Open alextreppass opened this issue 7 years ago • 9 comments

Hi, I'm seeing some strange-looking output when using square brackets to quote object keys.

const a = { ['foo']: 1};
const b = { ['bar']: 2};
console.log(a, b);

becomes:

var a={},b=(a.foo=1,a),c={},d=(c.bar=2,c);console.log(b,d);

Appspot link here. It gets worse: more intermediary objects are created as you add more keys.

I'd expect the result to be closer to the setup without [], i.e.:

console.log({foo:1},{bar:2});

Further context: this came about as we're looking to use Prettier to format code in our project, but can't easily do so as it unquotes keys that don't strictly need to be quoted. This breaks instances where we need quoted keys not to be mangled by Closure Compiler.

One of the workaround people are using is { ['foo']: bar } syntax, which Prettier won't unquote, but that produces bad output when fed into CC.

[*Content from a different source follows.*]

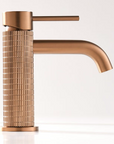 Coruni brass basin mixer - 3 Variants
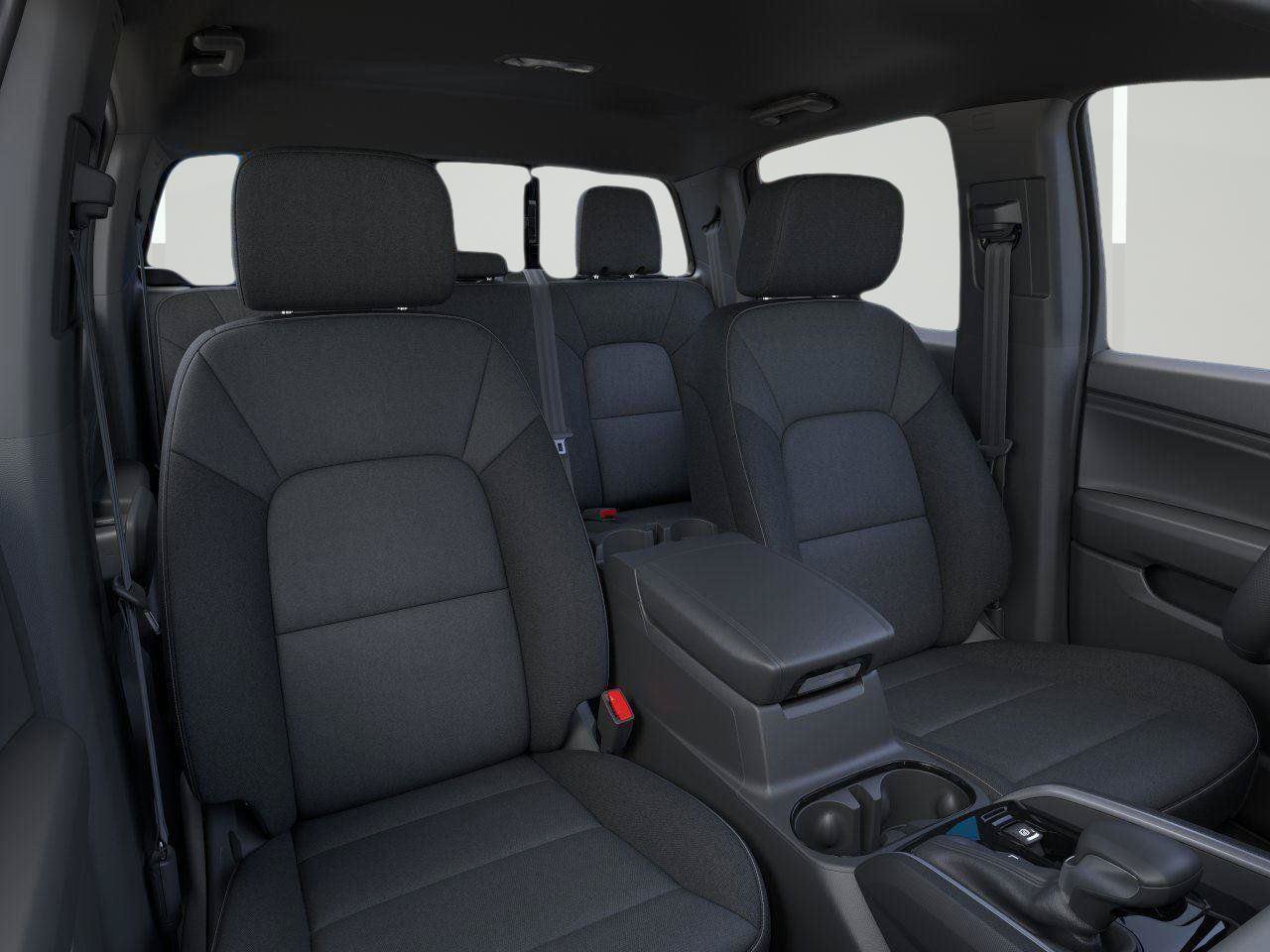 New 2026 Chevrolet Colorado Trail Boss AWD/4WD image 17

alextreppass avatar Apr 19 '18 04:04 alextreppass

The compiler could probably transpile computed properties that are just strings (or numbers) differently. e.g. convert const a = { ['foo']: 1};

into

const a = { 'foo': 1};

during transpilation.

This should be easy to implement, and the compiler can actually optimize it. (appspot link)

lauraharker avatar Apr 21 '18 02:04 lauraharker

Hi @lauraharker that sounds great - what would be required to get it into an upcoming project milestone?

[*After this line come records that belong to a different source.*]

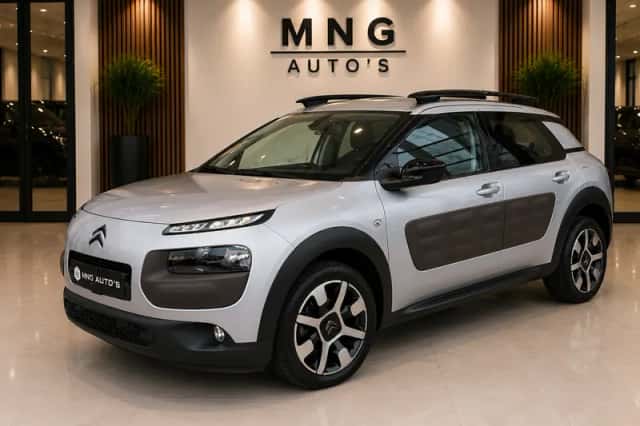 Citroën C4 Cactus (2015) thumbnail 1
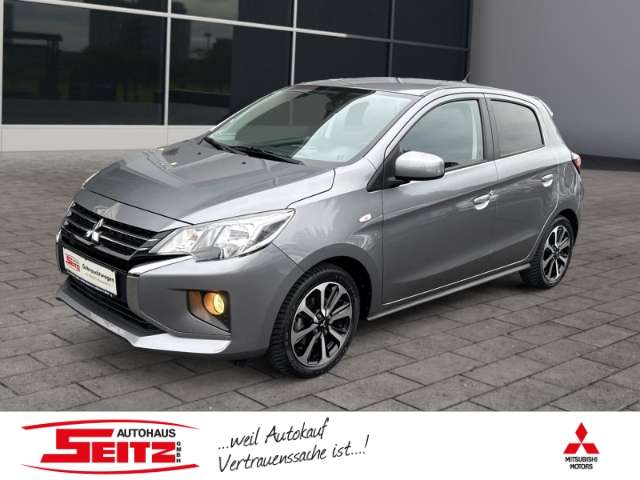 Fahrzeugbild eines Mitsubishi Space Star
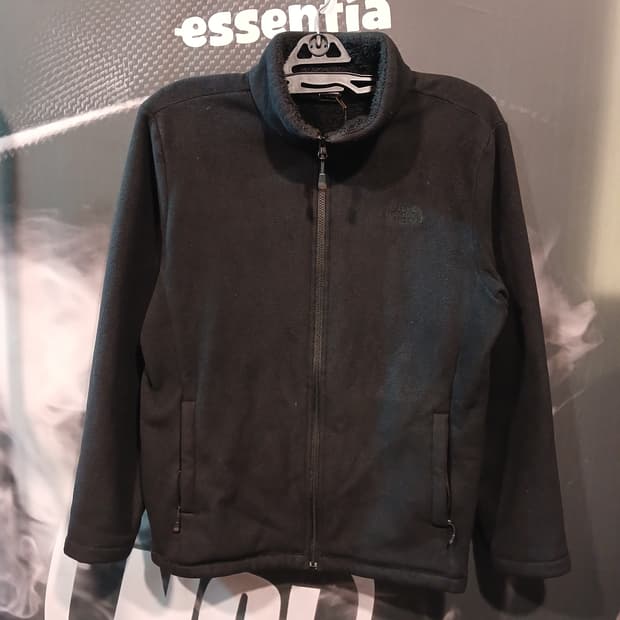 노스페이스 기모안감 플리스 자켓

alextreppass avatar Apr 24 '18 07:04 alextreppass

@alextreppass assigning myself to work on this when I have time.

Are you able to give numbers for how much this affects your code size? (e.g. your gzipped output grew 1% after switching to this syntax). That would help me prioritize this change.

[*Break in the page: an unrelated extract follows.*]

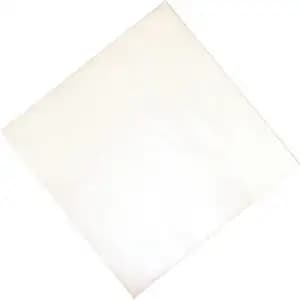 Paper Napkins White 33x33cm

lauraharker avatar Apr 24 '18 18:04 lauraharker

Sent out a fix for internal review. I'd estimate it will be in the May release.

lauraharker avatar May 02 '18 19:05 lauraharker

Hi @lauraharker after some internal testing, using computed object keys with our CC advanced mode compilation adds ~5kb to our bundle size (out of ~2.1MB) and ~10ms to our performance user timings.

We're considering finding some exclusions to keys that don't need to be computed (namely, autogenerated code that is already formatted), and/or pre-processing the input prior to CC to un-compute the keys, but if this fix were to land we could sidestep that.

How is the fix review going?

Thanks again

alextreppass avatar Jun 05 '18 05:06 alextreppass

Sorry I haven't updated this in a while. Thanks for the numbers. After some internal review, we do still want to fix this, but in a way slightly more complicated than my initial proposal to deal with the restriction on duplicate object literal keys in ES5 strict mode.

Filed Google internal bug b/120031769.

lauraharker avatar Nov 26 '18 20:11 lauraharker

Is there any progress on this perhaps?

monfera avatar May 04 '19 15:05 monfera

@monfera I've just been looking through @lauraharker 's notes on the internal issue as well as here.

I believe the problem is that if we just convert computed properties to string keys we could introduce a duplicate string key, which would then become a syntax error in ES5 strict mode. Working around that is tricky, and there are other issues higher on our priority list than this one.

I don't think any work is being done on this right now. Sorry.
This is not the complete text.